オンリーワン!

この世には誰一人として同じ人はいない。どんなに頼りがなくて、弱々しい存在に思えても、その小さな力がなければ、地球は回ってくれぬ。故にみんながみんな大きな目標を持って、生きた証しを残してやろうと張り切る必要はない。無意味な人生なんてものはないだよ。それぞれのペースで日々を淡々と生きていれば、もうそれだけで十分に尊いことだから、ただただ生きているだけでいい。

そんな境地に至ったのだろうか。かつて臼杵万理実さんが制作した「弱虫でもできること」という作品があった。これは人よりもすぐれたセンスやテクニック、才能などを持ち合わせていなくても、大好きな絵を描くことは何の問題もない。つまり、言い訳ばかりしていないで、今日一日に集中して少しでも努力すべきと決意を表した題名だった。
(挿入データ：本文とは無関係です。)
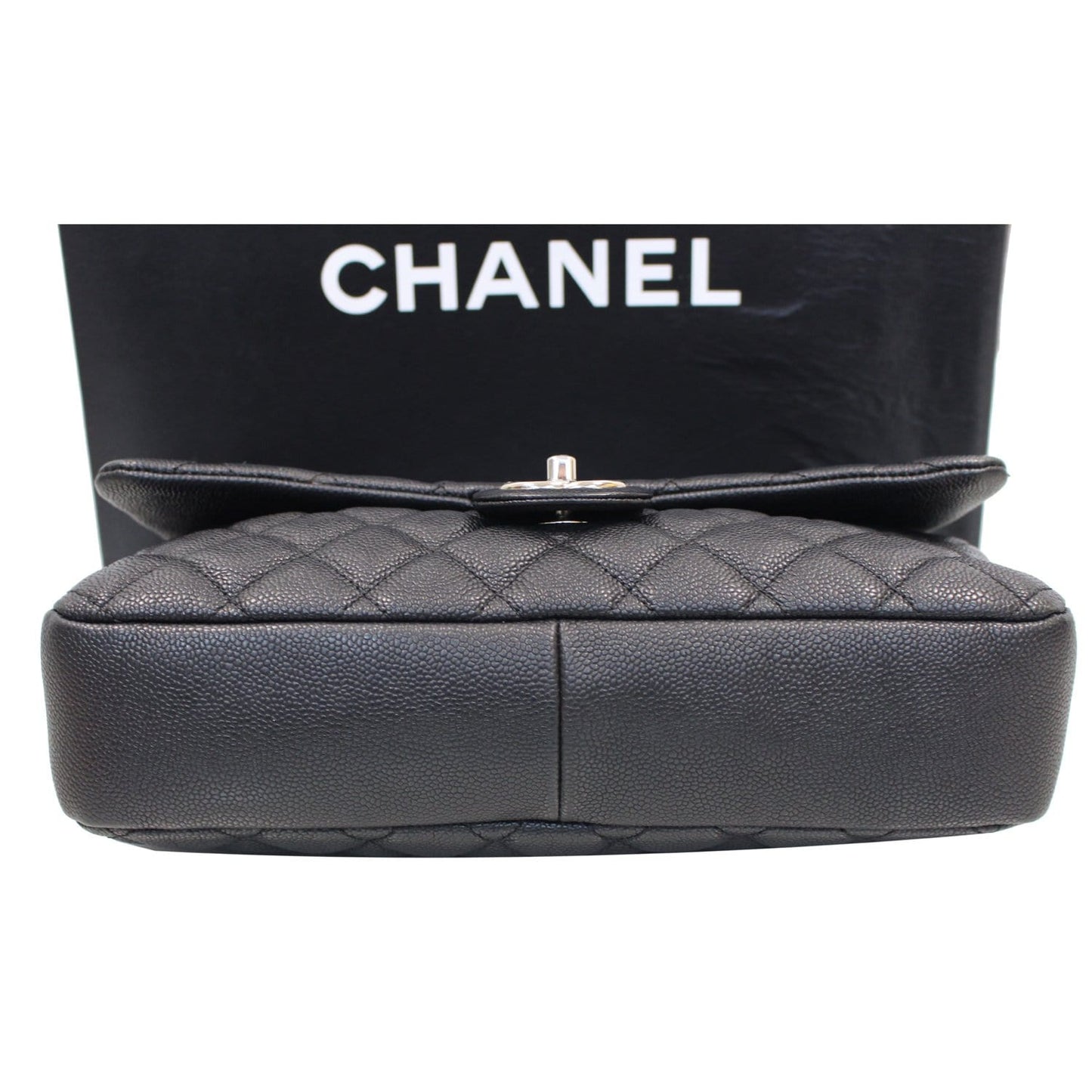CHANEL Medium Flap Caviar Leather Shoulder Bag Black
人生とは実に面白いもの、この時の決心は功を奏して、人生の大きなターニングポイントになった。まずできないことを認めて、そこからリスタートしていく。実際にはできないことをできる振りをしてはいけない。臼杵さんは正直という最善の策を選んだ。心が弱くても虚勢を張らずに、自分らしく生きる大切さをなんとなく感じたのだろう。